**Exercise**
In the entries below, begin at the line with "Living space with" and stop after the line with "- CRAIG LASSIG"; output those lines exactly and omit the pictures.

**Dataset**
————

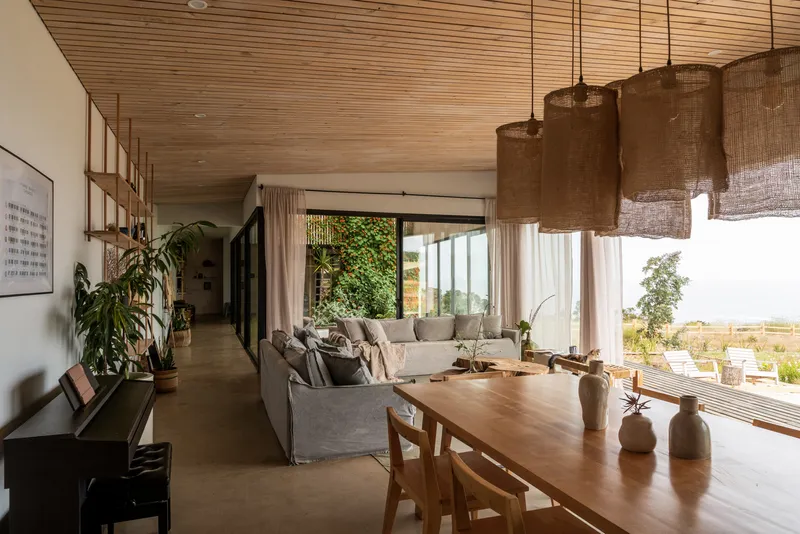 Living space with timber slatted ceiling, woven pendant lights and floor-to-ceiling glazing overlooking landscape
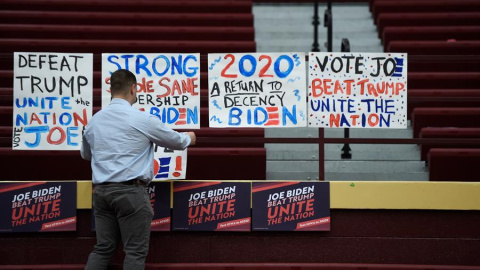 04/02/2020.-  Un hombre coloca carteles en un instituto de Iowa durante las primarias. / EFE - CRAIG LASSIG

————

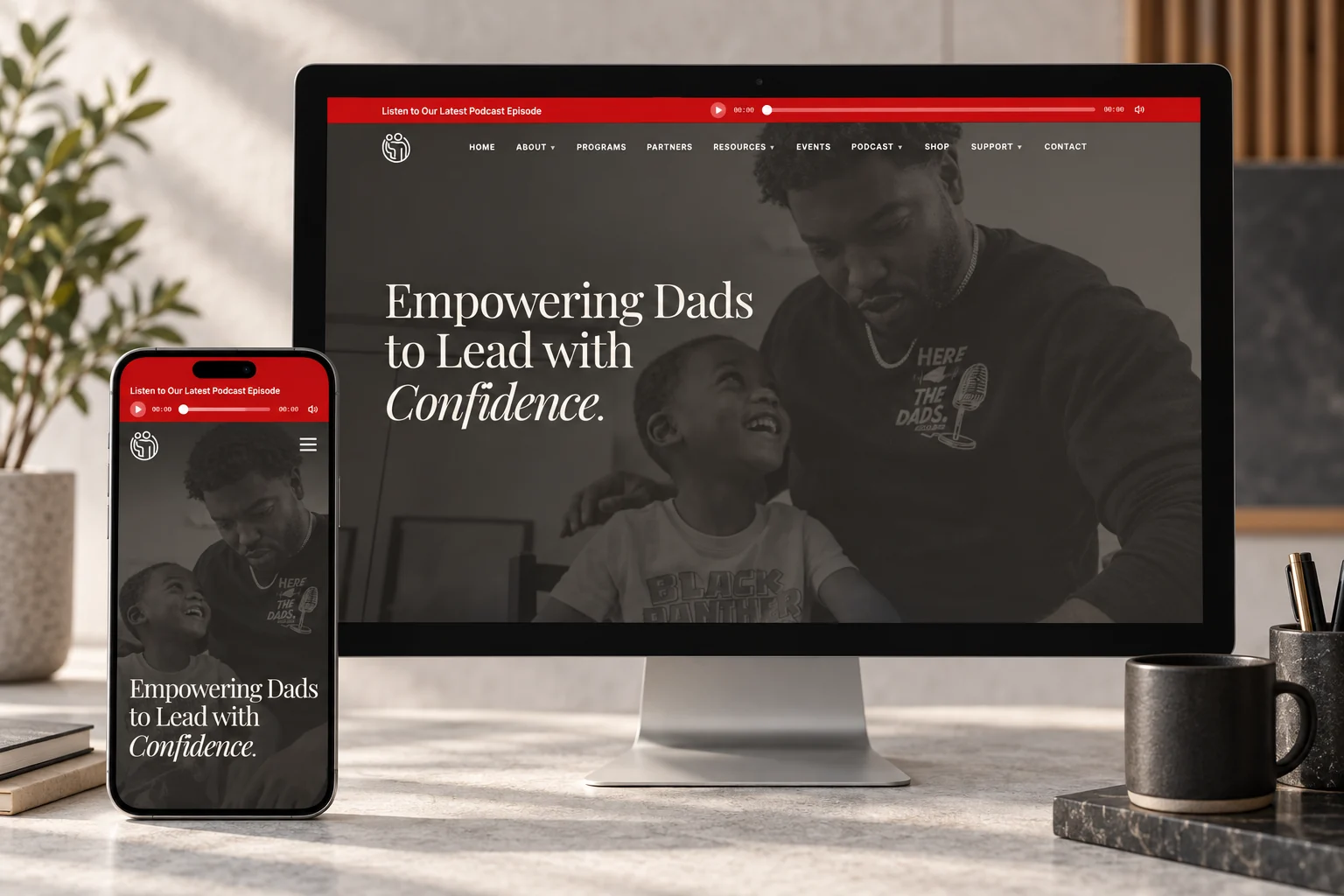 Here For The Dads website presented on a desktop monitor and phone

————

**Result for this exercise**
 Living space with timber slatted ceiling, woven pendant lights and floor-to-ceiling glazing overlooking landscape
 04/02/2020.-  Un hombre coloca carteles en un instituto de Iowa durante las primarias. / EFE - CRAIG LASSIG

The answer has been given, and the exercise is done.